The Machine Learning Google doesn’t show you in Smartbidding
Google’s auto-bidding-optimization-feature towards certain business-goals, called smartbidding, is a great tool. You can save tons of time and money by automating your bidding. In Google’s own words: Smartbidding helps to “make more accurate predictions across your account”.
The flipside is the blackbox you’ve to deal with. You throw something in (input and output figures) and hope for efficient results based on the data you’ve provided. All the steps inbetween, including feature selection or regularization, Google is doing for you quitely.
So let’s imagine the smartbidding-algorithm(s) would be your own and you’d have full insight. What more would you see? What possilibilities of model-optimization would you have?
1. Learning rate & Gradient Descent convergence
In Machine Learning Models the learning rate is the hyperparameter that defines the size of the adjustment-steps that the Gradient Descent algorithm (the commonly chosen algorithm for regression and classification problems) takes, to find the optimal fit for the algorithm function, or in other words: the way to ensure the highest accuracy.
A too low defined learning rate can cause a slow computing and data-processing. A learning rate that’s too high can destroy your models accuracy, because the gradients steps are too big and let’s your model jumping around like crazy.
The graph-tool on Google’s developer page shows you the effect of a wrong chosen learning rate quite well: https://developers.google.com/machine-learning/crash-course/fitter/graph
You can define the learning rate by yourself – normally you start with something between 0.1 and 1 – but there are also a couple of algorithms that automatically can pick a learning rate for you.
To track, if our algorithm is moving into the right direction we plot the data to our graph and investigate, if Gradient Descent is converging. This progress is something you can’t retrace when using Smartbidding.
2. Feature-Selection & parameter-weight-updates
In Supervised Machine Learning we work with labeled data in form of csv-files. Everything comes in rows and columns.

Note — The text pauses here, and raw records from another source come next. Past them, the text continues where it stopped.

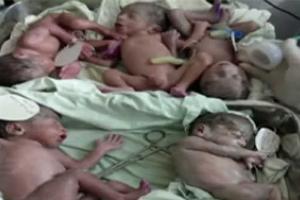 जयपुर में जब 5 बच्चों को महिला ने दिया जन्म
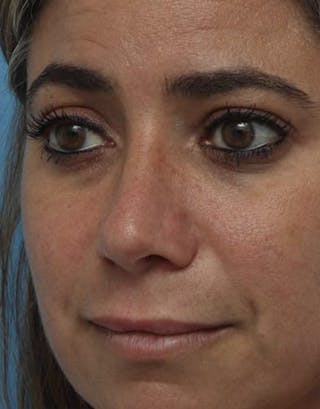 Rhinoplasty Before & After Gallery - Patient 113295 - Image 2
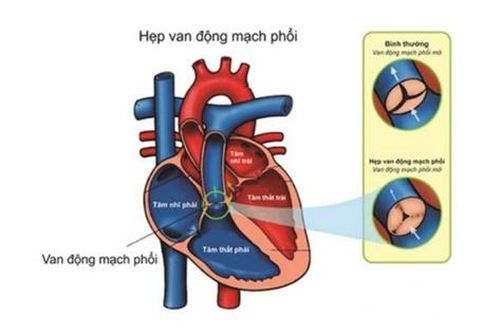 Thuốc nào điều trị hẹp van động mạch phổi?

Artificial Neural Networks – the fundamental architecture of Google’s Smartbidding – are organized in different kind of layers. Input layer, Hidden Layer and Output layer, where the 2nd layers dedication is all about updating the parameter-weights based on the learning the model makes.

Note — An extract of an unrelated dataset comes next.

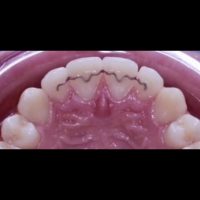 Home retainer digitali (11)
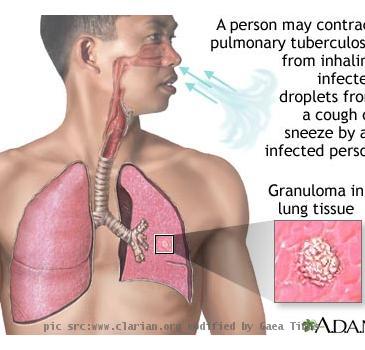 tuberculosis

When we use Smartbidding, we can roughly assume what’s the input of layer one (user meta-data like device, browser, location, affinities e.g.) but we have no idea about the weights within Google’s algorithm. We don’t know which parameter is considered as the most important one by the algorithm and we don’t see how this might change as soon as the model learns.
3. Split-ratio between training and test-data
One of the fundamental steps in the beginning of each machine learning process is to split the data into two subsets: training-data and test-data. (X_train, X_test, Y_train, Y_test = train_test_split(X, Y, random_state = 0, test_size = 0.30)

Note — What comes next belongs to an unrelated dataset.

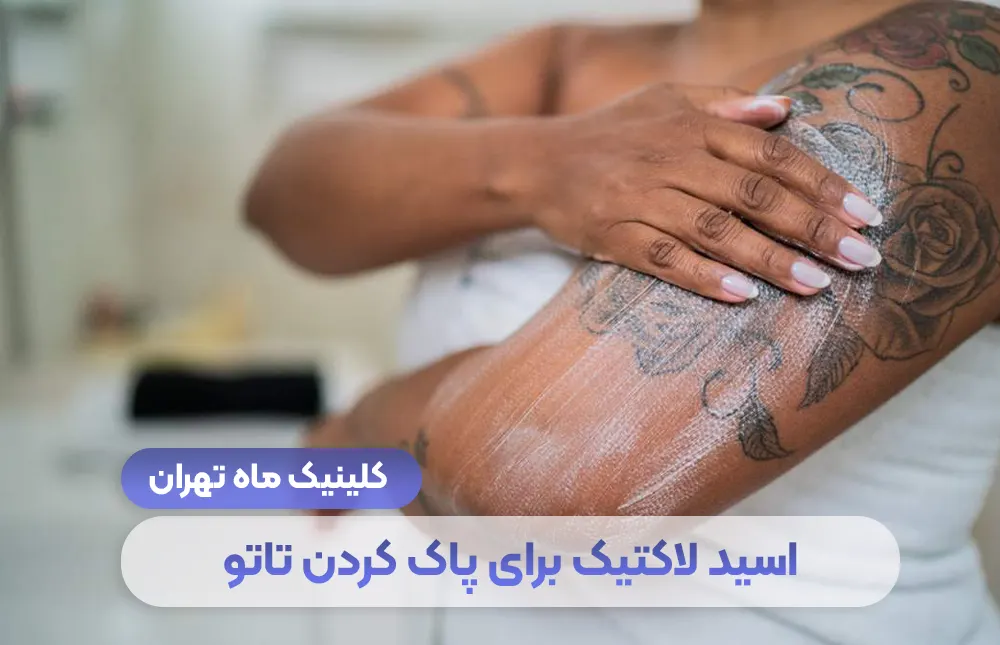 حمض اللاكتيك لإزالة الوشم السطحي - Mah Clinic طهران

The training-data is the one we use for our training. The model learns from this data
The test-data we use to evaluate the model’s performance.
A commonly used split-ratio between train and test is 70/30. As you can imagine this ratio will have a huge impact on our models performance. But in Google’s Smartbidding these values remain a blackbox for us.
4. The output Score
Every algorithm is dedicated to a specific task and to a certain output and result we’d like to see.
This could be the probability for a users conversion, the correlation between two or more features or the similarities between users to build audience clusters. At the end of each algorithms computation there is a number. A score that helps to classify and evaluate the results.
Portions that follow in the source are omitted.